Normalerweise dichtet Steyer, der teilweise in London studierte und viele Jahre in England und Australien lebte, auf englisch. Auch deshalb, weil seine Arbeiten auf dem internationalen Markt verkauft werden und ihm die englische Sprache geläufiger sei.

In der Klinik ausgestellt

Zur Zeit hängen das Bild sowie das Gedicht im Foyer der Helios-Klinik in Müllheim als Teil einer gemeinsamen Ausstellung mit Sonia Itten.

Schliengen-Liel. Das Gedicht „Was zählt“ von Thomas Steyer:

Das Leben ist schön, aber auch schwer,

für manche zu kurz, für andere nicht fair.

Wenn es anders kommt als man denkt,

da ist der eine schon mal gekränkt.

Der andre sieht es mit Begeisterung,

so hat das Leben für ihn noch Schwung.

Aber wenn ein Virus die ganze Welt befällt

und alles zerschellt – das geht ins Geld.

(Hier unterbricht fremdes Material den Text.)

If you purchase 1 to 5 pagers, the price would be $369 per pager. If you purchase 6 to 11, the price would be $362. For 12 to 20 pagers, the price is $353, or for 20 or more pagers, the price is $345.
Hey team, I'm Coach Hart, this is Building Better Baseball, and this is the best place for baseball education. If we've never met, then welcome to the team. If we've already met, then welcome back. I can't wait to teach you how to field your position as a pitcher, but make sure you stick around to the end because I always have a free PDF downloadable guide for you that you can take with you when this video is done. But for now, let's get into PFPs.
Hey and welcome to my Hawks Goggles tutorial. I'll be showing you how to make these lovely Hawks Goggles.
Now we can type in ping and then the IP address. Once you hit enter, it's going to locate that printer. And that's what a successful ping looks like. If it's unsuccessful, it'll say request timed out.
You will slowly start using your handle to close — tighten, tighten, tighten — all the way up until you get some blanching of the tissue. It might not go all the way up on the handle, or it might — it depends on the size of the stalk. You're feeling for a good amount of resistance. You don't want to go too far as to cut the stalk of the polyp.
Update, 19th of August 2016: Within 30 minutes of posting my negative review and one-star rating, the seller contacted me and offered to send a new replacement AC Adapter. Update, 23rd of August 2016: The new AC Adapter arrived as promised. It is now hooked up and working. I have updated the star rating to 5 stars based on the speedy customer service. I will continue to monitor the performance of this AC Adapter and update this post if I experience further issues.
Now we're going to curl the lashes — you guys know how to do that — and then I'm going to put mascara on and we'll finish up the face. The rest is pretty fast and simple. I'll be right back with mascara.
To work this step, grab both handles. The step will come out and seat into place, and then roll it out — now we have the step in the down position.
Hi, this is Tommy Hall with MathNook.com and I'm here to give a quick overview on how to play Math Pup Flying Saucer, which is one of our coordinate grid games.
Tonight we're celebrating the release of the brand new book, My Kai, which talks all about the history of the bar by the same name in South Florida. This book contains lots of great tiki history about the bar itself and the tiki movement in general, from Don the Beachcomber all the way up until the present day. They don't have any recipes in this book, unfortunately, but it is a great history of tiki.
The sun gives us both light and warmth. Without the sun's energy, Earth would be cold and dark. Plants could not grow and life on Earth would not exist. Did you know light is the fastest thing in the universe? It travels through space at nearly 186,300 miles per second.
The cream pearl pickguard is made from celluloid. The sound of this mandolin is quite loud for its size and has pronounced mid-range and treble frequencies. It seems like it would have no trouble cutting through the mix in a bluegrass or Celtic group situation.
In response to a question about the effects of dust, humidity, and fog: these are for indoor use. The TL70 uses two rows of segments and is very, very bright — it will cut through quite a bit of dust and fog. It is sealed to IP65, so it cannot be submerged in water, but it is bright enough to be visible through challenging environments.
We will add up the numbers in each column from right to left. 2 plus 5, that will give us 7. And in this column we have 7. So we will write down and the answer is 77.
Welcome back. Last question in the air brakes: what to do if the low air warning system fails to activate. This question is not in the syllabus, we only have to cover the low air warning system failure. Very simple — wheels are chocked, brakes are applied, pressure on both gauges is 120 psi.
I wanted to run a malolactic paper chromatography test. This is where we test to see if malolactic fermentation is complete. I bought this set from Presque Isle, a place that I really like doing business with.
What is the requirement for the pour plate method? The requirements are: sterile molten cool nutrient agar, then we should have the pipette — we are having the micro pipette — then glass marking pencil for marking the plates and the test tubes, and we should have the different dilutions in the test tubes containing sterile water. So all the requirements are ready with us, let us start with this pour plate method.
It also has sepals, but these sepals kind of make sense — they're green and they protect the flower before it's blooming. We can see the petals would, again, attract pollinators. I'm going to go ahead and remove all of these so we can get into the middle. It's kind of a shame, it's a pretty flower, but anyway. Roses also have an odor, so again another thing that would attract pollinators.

Dann ist auch unser Wohlstand schon bedroht,

und die Lebensqualität gerät in Not.

Regierungen versuchen uns zu schützen,

auch mit Finanzspritzen zu unterstützen,

aber die Spritzen in den Oberarm

sehen Leugner mit größtem Alarm.

Nun dachte man, die Welt hat sich vereint

und kämpft gegen den gemeinsamen Feind,

doch gibt es Leute mit denen kann man nicht reden,

sie können alles stets anders belegen.

Sie meinen, auf die da oben kann man nicht zählen,

deren Plan sei, ihnen die Freiheiten zu stehlen.

Dieses Misstrauen könnte uns leicht zerspalten,

dann wäre ein Bürgerkrieg kaum aufzuhalten.

Wie könnten Leugner ihre Angst verlieren,

damit sie endlich neues Vertrauen riskieren?

Wir sollten gute Beispiele setzen,

uns kümmern um den Ersten und den Letzten.

So entsteht ein guter Gemeinschaftssinn

für alle Ausgegrenzten ein Gewinn.

Ein respektvoller Umgang miteinander, der oft fehlt,

ist was zählt, so sehr zählt, zählt und zählt und zählt.